▶ Your assignment
Below are lines of records; copy exactly those from the one containing "Покрышка 28x2.00 (50-622)" through the one containing "Mappa topografica Mount", leaving the pictures behind.

▶ Record set
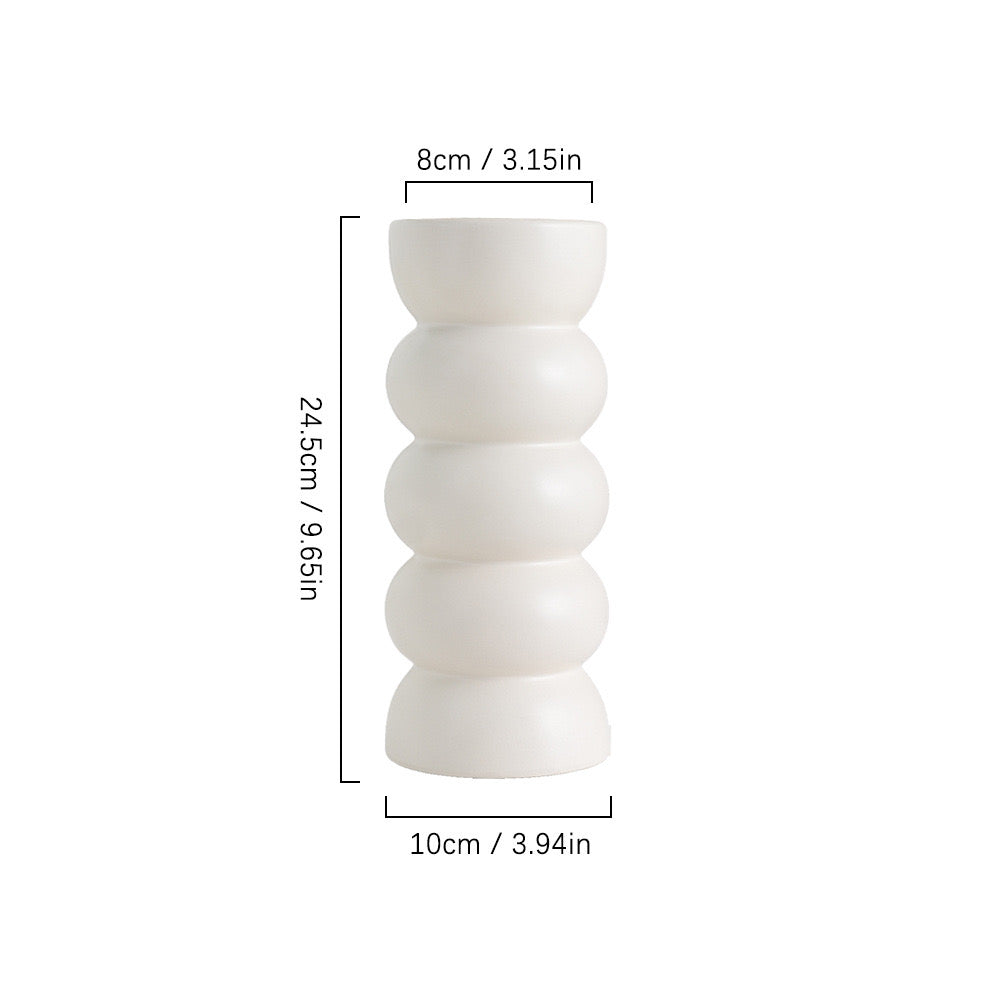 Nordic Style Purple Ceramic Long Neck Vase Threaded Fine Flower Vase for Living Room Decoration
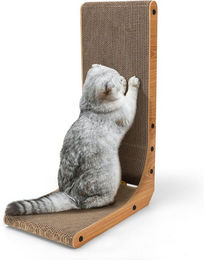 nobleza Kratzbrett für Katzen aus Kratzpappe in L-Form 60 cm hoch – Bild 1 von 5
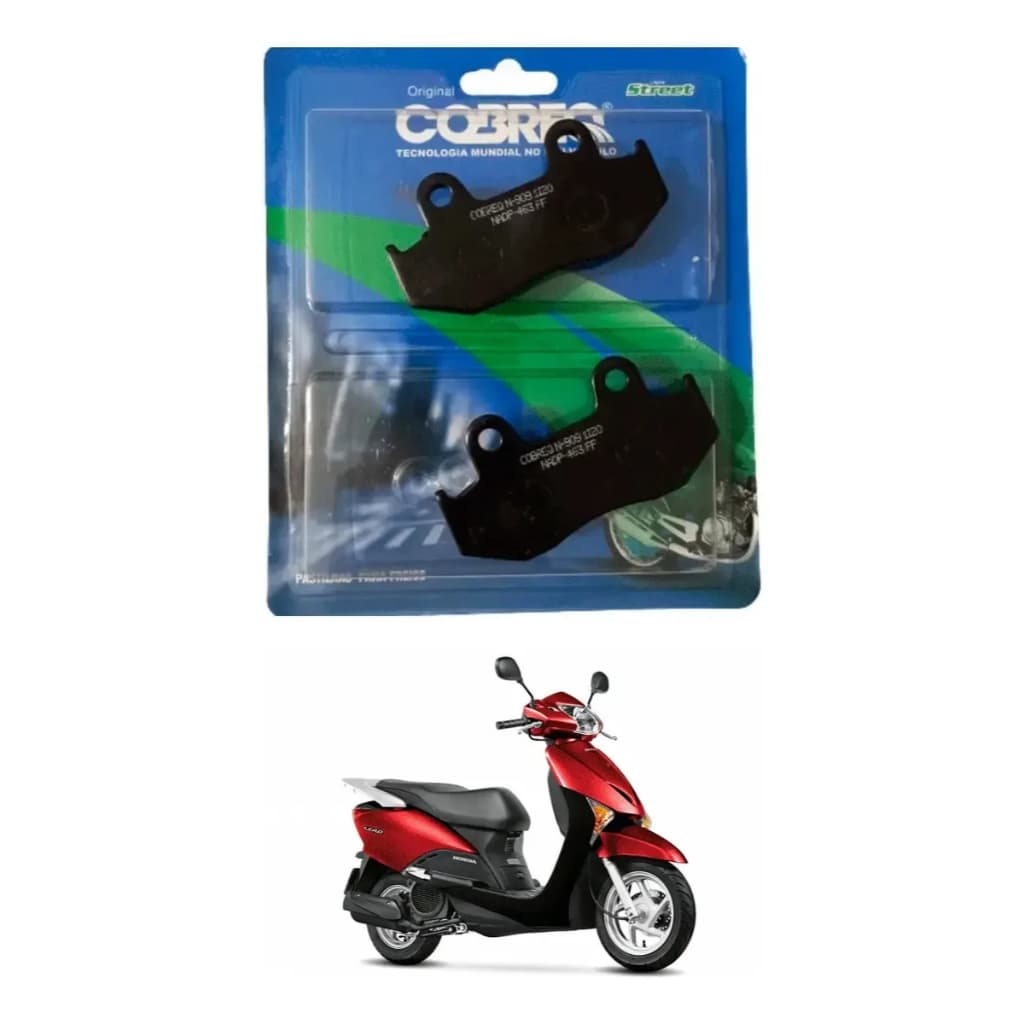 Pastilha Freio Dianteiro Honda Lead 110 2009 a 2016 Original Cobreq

---

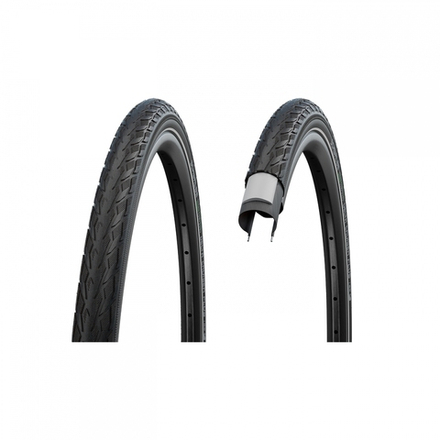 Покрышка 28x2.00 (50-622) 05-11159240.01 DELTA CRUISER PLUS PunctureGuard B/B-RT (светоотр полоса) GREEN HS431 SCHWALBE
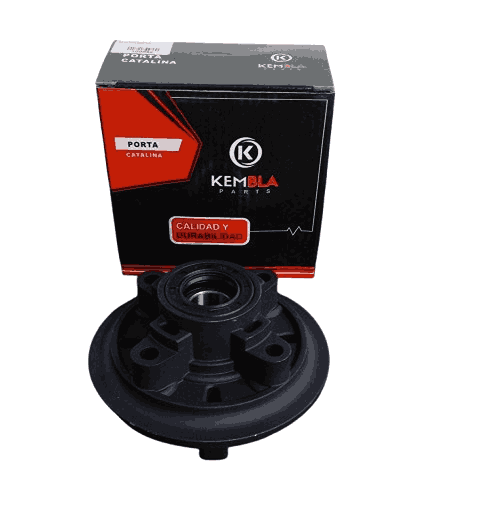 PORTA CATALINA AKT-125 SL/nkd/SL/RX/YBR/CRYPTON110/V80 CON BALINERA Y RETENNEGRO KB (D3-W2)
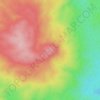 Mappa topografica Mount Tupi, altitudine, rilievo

▶ Task solution
 Покрышка 28x2.00 (50-622) 05-11159240.01 DELTA CRUISER PLUS PunctureGuard B/B-RT (светоотр полоса) GREEN HS431 SCHWALBE
 PORTA CATALINA AKT-125 SL/nkd/SL/RX/YBR/CRYPTON110/V80 CON BALINERA Y RETENNEGRO KB (D3-W2)
 Mappa topografica Mount Tupi, altitudine, rilievo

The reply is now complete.